Руководство компании, по его словам, разговоры на тему войны не ведет: «там только указания раздают, а совещания все проходят с употреблением исключительно официальной риторики. Но в целом все, даже самые тупые, которые пару месяцев назад заявляли, что „санкции нам не страшны“, понимают, что все идет по пи**е (к плачевному концу)».

По словам Андрея, ряд управленцев компании среднего звена перестали выходить на работу и даже на связь в течении первых двух месяцев военных действий: «О том, что кто-то уехал и уволился, говорят шепотом. Некоторые даже трудовую книжку не забрали. Один уехал в Таиланд буквально через пару недель после 24 февраля и прислал мне оттуда фотографию с пляжа».

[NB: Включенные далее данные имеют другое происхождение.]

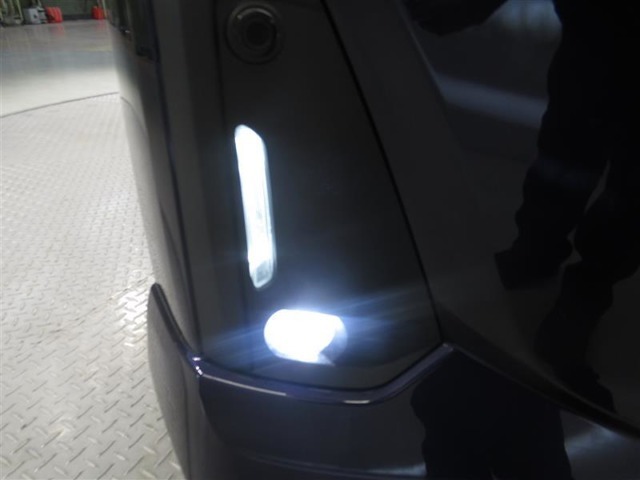 フォグランプ付きです。夜間や悪天候時に視界を確保するので安心ですね♪温度が高くなりますので、雪も溶けやすいですよ♪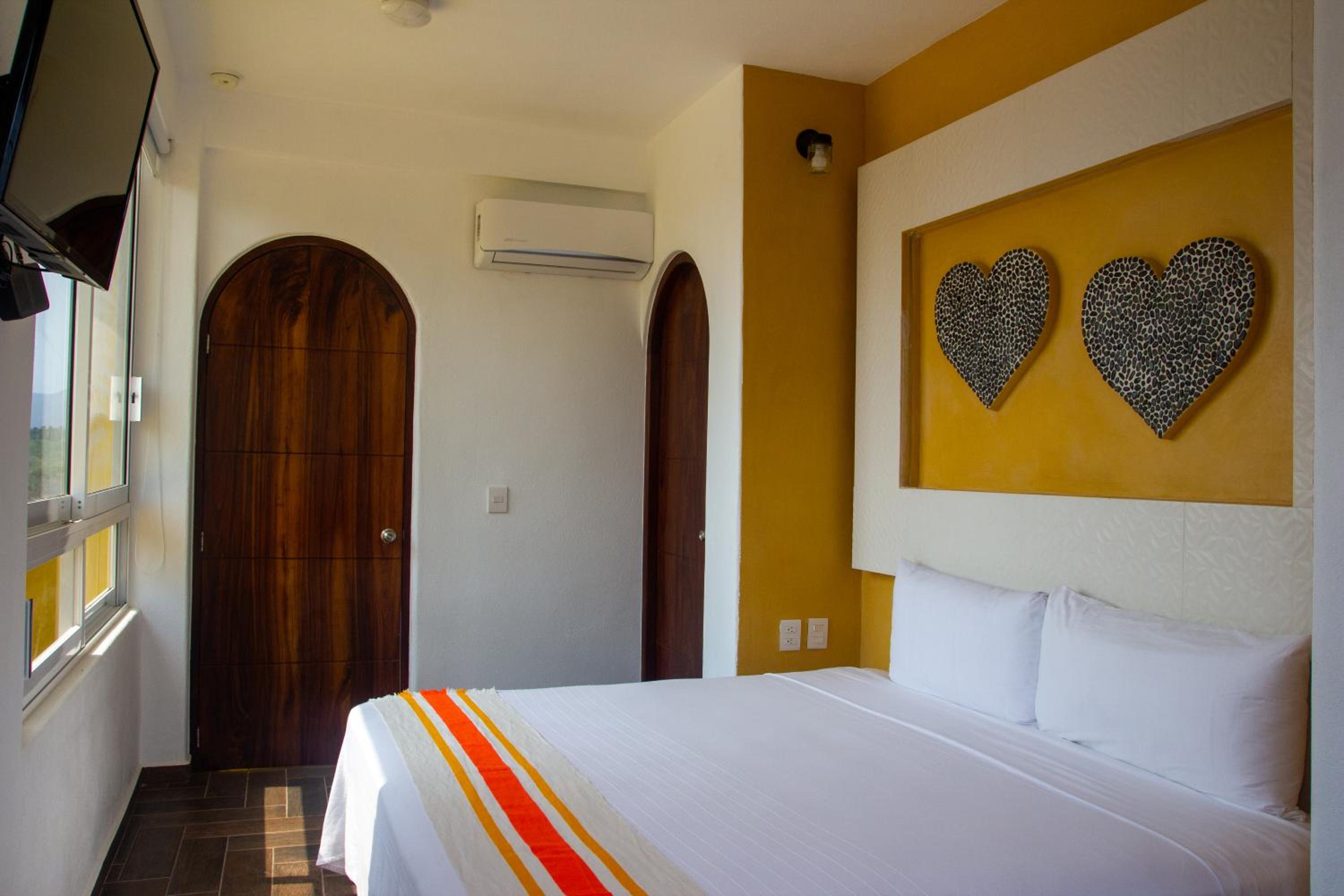 Standard Double Room - Photo 4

При этом, начальник предупредил Андрея, что тех, кто публично выскажется против войны, в лучшем случае уволят «по утрате доверия», что означает волчий билет при дальнейшем устройстве на работу, а в худшем — сообщат в Следственный Комитет, что тот мол «дискредитировал армию со всеми вытекающими». До сих пор Андрей ни о чем подобном не слышал, но недавно узнал от сослуживцев, что его коллега, резко выступивший против войны, опубликовавший в Facebook ряд антивоенных постов и недавно уехавший за рубеж, был уволен по собственному желанию — начальство и отдел кадров сфабриковали все документы, чтобы «не поднимать волну».

Однако желающие уволиться сейчас сделать этого просто не могут: «на любого, кто приходит с заявлением к начальству, смотрят как на предателя и начинают задавать вопросы — почему, отчего, куда собрался?». Знакомая Андрея смогла уволиться только когда принесла медкарту своей матери, находящейся на терминальной стадии рака, чтобы доказать, что она действительно увольняется за ней ухаживать.

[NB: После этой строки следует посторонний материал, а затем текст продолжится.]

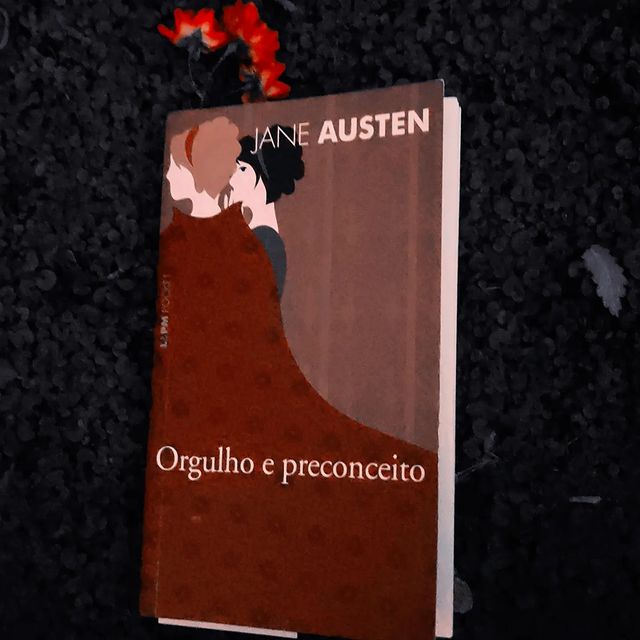 ⸸𝓛𝓸𝓻𝔂 ⸸ в LOOKY. . ✨Jane Austen✨
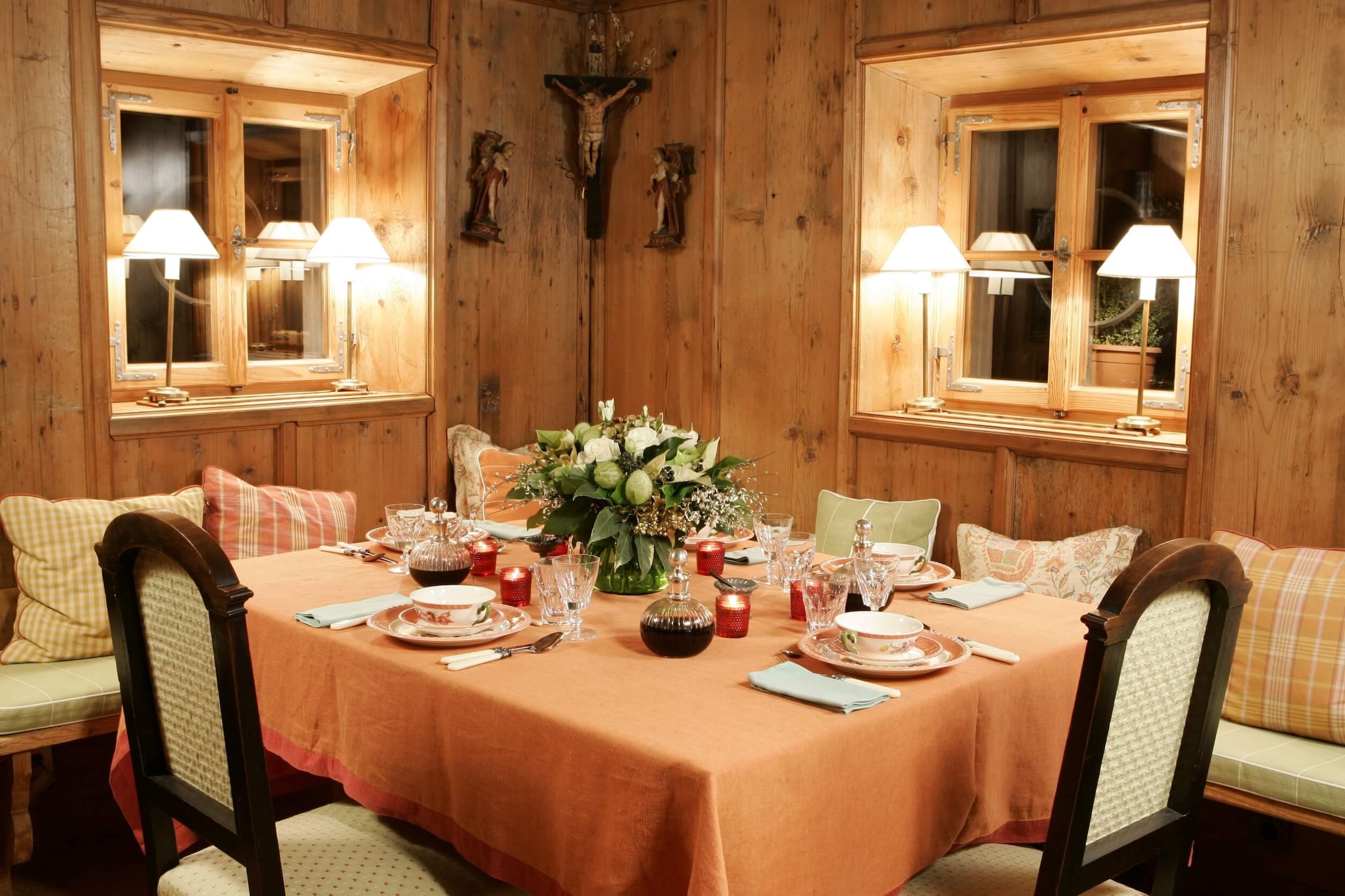 haus innen esszimmer gedeckter tisch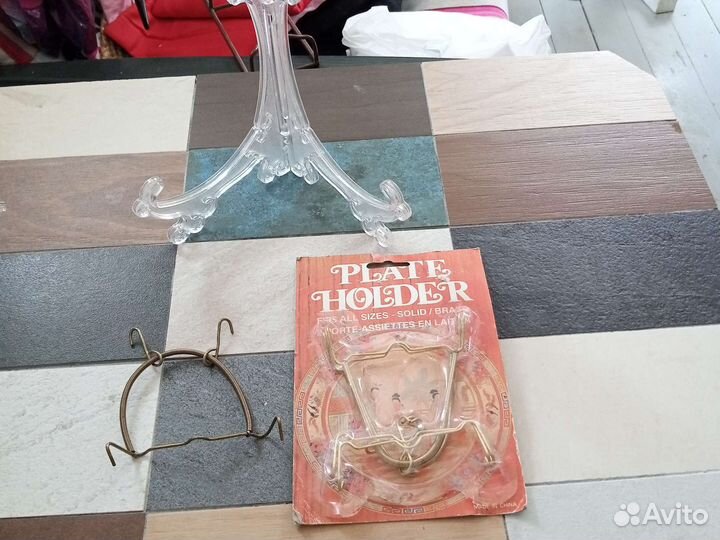 Держатель для настенных тарелок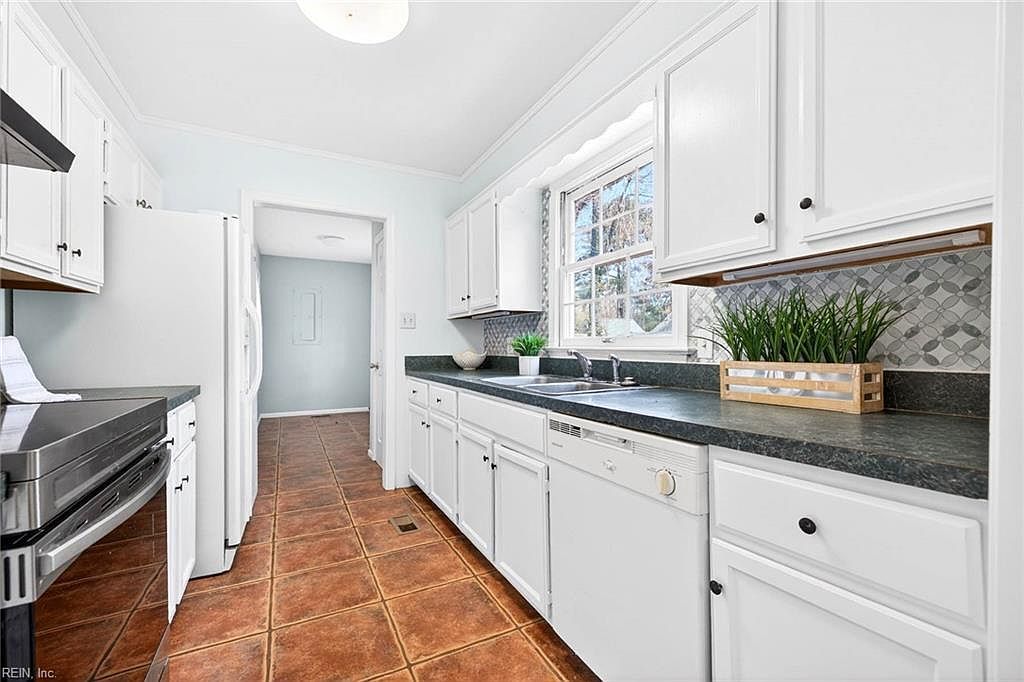 916 Oxford Dr Virginia Beach, VA 23452  | Single Family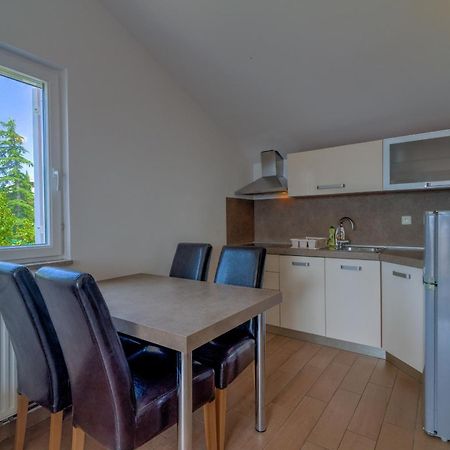 Apartmani Lili Novi Vinodolski Zewnętrze zdjęcie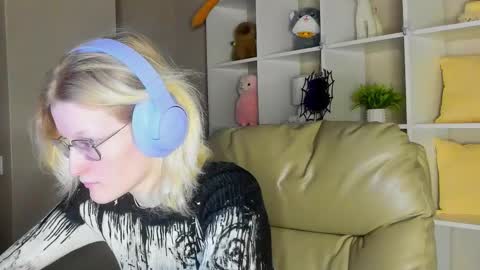 Snapshot of elizabeth_harpper chatting on November 2, 1:16 am Elizabeth online show from November 2, 1:16 am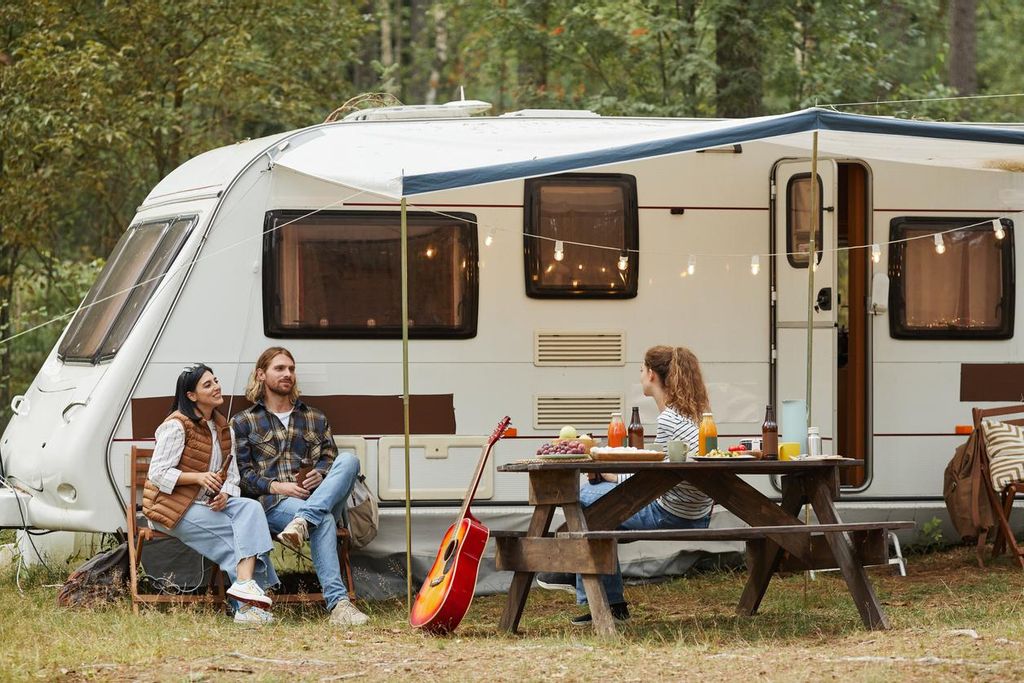 Viajar en autocaravana te permite ir a tu aire, pero también encontrarás gente con intereses comunes.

В то же время, по словам Андрея, в ряде знакомых ему компаний, работавших на финансовом рынке, люди сидят без работы, потому что их операции фактически приостановлены, но зарплату продолжают получать исправно.

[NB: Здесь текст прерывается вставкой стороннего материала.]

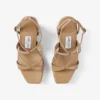 Ayla 110: sandalias de cuña de piel napa color capuchino y rafia tejida con motivos florales Ayla 110: sandalias de cuña de piel napa color capuchino y rafia tejida con motivos florales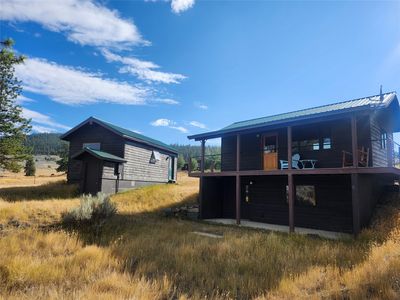 23 Aaron Ct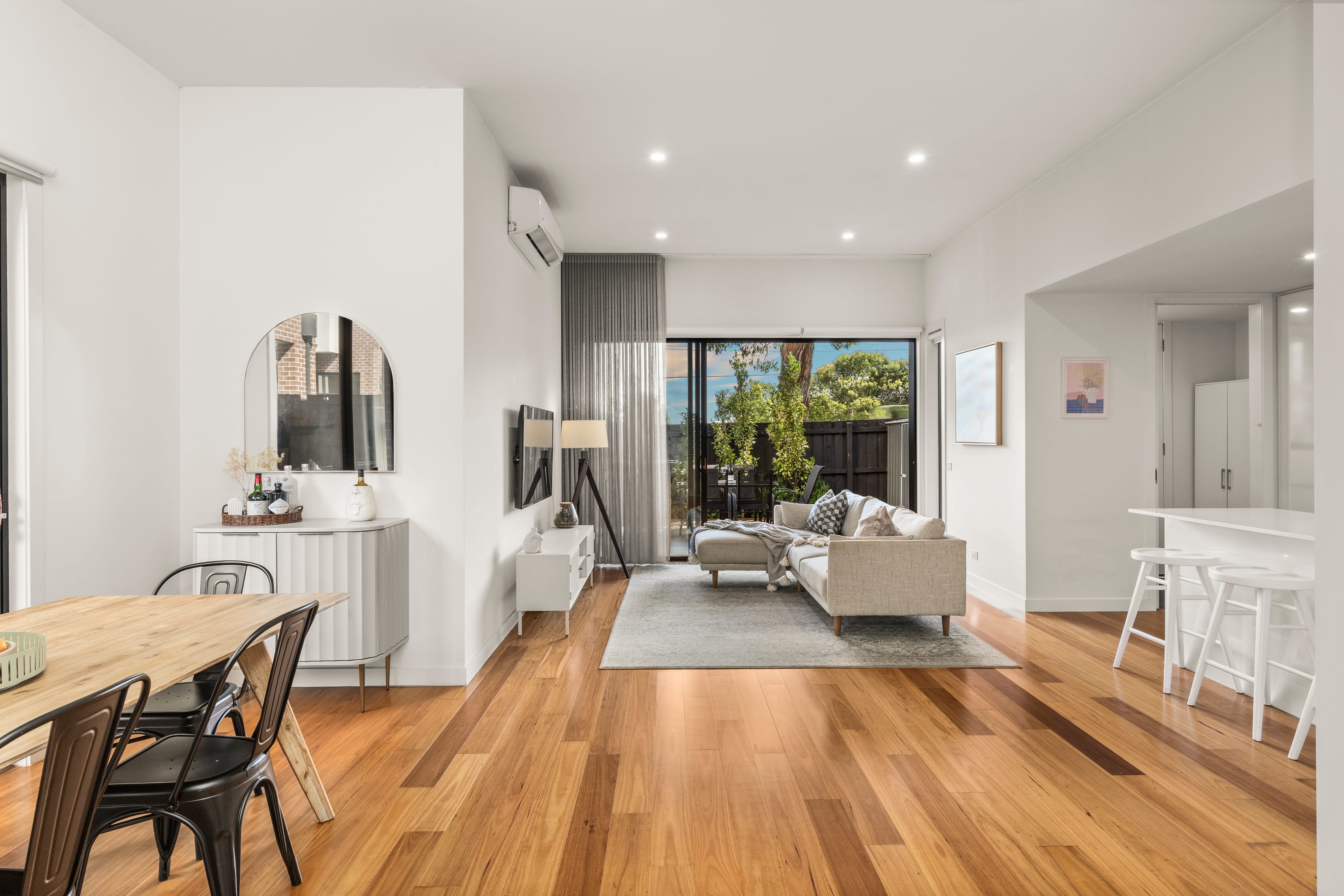 12/24 Carlisle Road, Ferntree Gully — listing photograph 3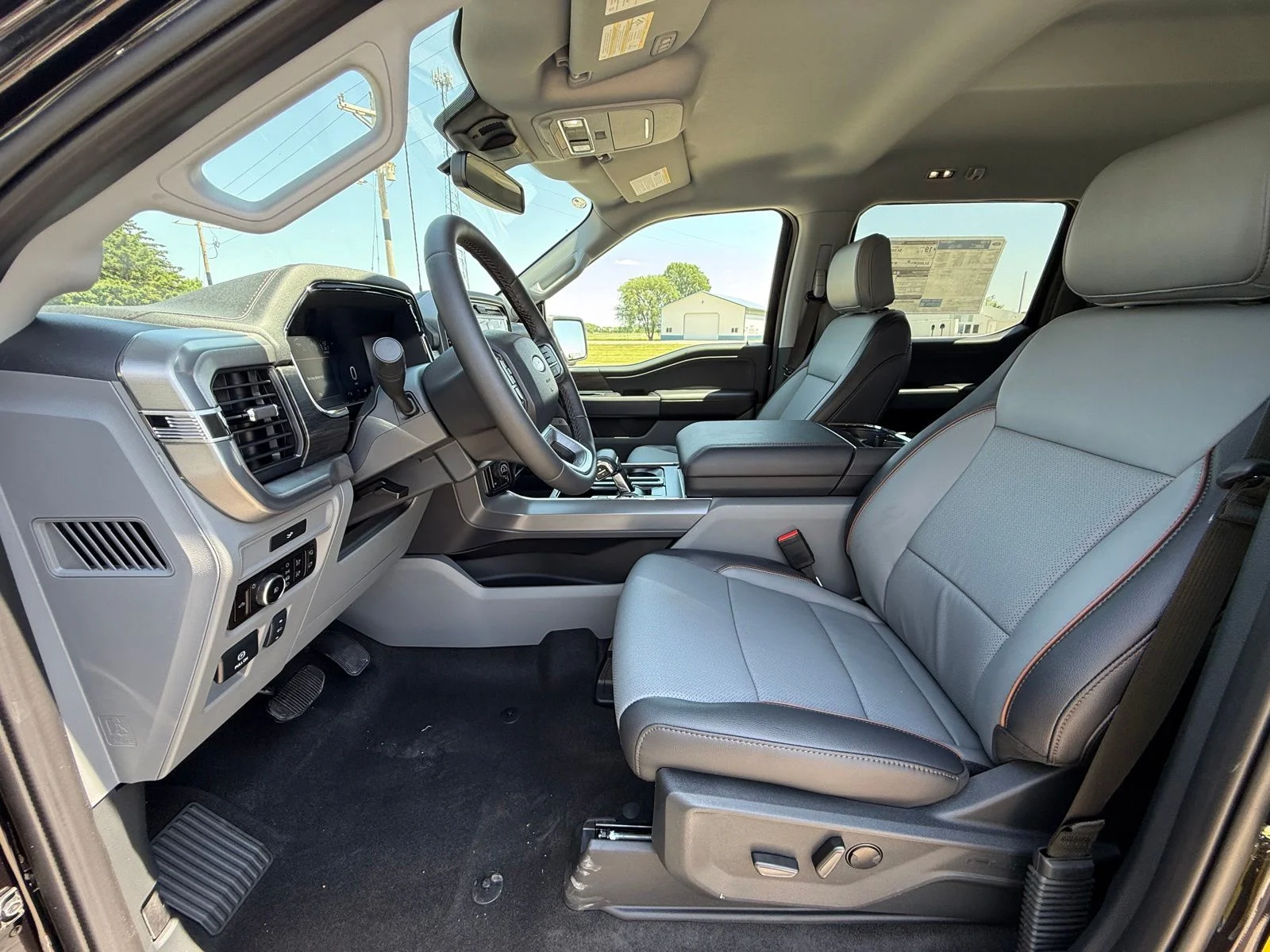New 2026 Agate Black Metallic Ford Lariat® image 8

СЛЕДИТЕ ЗА РАЗВИТИЕМ СОБЫТИЙ В ТЕКСТОВОЙ ХРОНИКЕ В НАШЕМ ТЕЛЕГРАМ-КАНАЛЕ


Про запрет на выезд из страны Андрею никто не говорил. Судьба Протосени и Авалова Андрея не пугает: «я мелкая сошка». Но уехать он не может — в России у него больные родители. «Сначала было страшно, — говорит он, — а теперь уже притупилось все».